Ève Lomé

Journal extime

Mettre le cap sur Anticyre

Mettre le cap sur Anticyre

Mettre le cap sur Anticyre porte en elle des effluves d’hellébore, cette fleur dont les anciens pensaient qu’elle pouvait guérir la folie et qui se cultivait dans le petit village d’Anticyre en Grèce centrale. Mettre le cap sur Anticyre c’est donc naviguer en eaux troubles sur la Nef des fous¹, certes, mais vers la guérison qui s’obtiendra grâce à la senteur d’une rose de Noël.

Un parfum pour guérir, voilà ce que suggère mettre le cap sur Anticyre. Une belle idée de la folie qui s’apaiserait dès qu’on le lui demande avec des fleurs, à condition que ce soit des hellébores et qu’on respecte la posologie.

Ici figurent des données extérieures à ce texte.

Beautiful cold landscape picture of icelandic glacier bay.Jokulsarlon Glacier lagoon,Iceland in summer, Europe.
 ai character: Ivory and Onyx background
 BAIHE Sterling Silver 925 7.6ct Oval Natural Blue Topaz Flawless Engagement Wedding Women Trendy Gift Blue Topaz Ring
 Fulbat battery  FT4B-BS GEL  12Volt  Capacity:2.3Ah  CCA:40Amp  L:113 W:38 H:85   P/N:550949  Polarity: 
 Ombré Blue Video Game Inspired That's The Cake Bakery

Coup de folie : une cuiller à soupe
Quart d’heure de folie : deux à trois gouttes.
Folies Bergères : sans objet.
Folie des grandeurs : deux cuillères à café, matin midi et soir. Renouveler le traitement jusqu’à dégonflement total de l’occiput.
Folie amoureuse : une dose par semaine à diluer dans de l’eau fraîche.
Folie meurtrière : deux doses.
NE PAS UTILISER EN CAS DE FOLIE DOUCE.

Lors de la troisième guerre sacrée, ce va-t-en-guerre de Philippe II de Macédoine marche sur Anticyre et détruit la ville et ses champs d’hellébore. C’est non seulement la fin de l’expression (vers -355 environ, d’où la probabilité importante que vous ne l’ayez point entendue si ce n’est par Ronsard dans le Discours à la Reine) mais aussi et surtout le début d’une folie inguérissable qui s’empare du monde.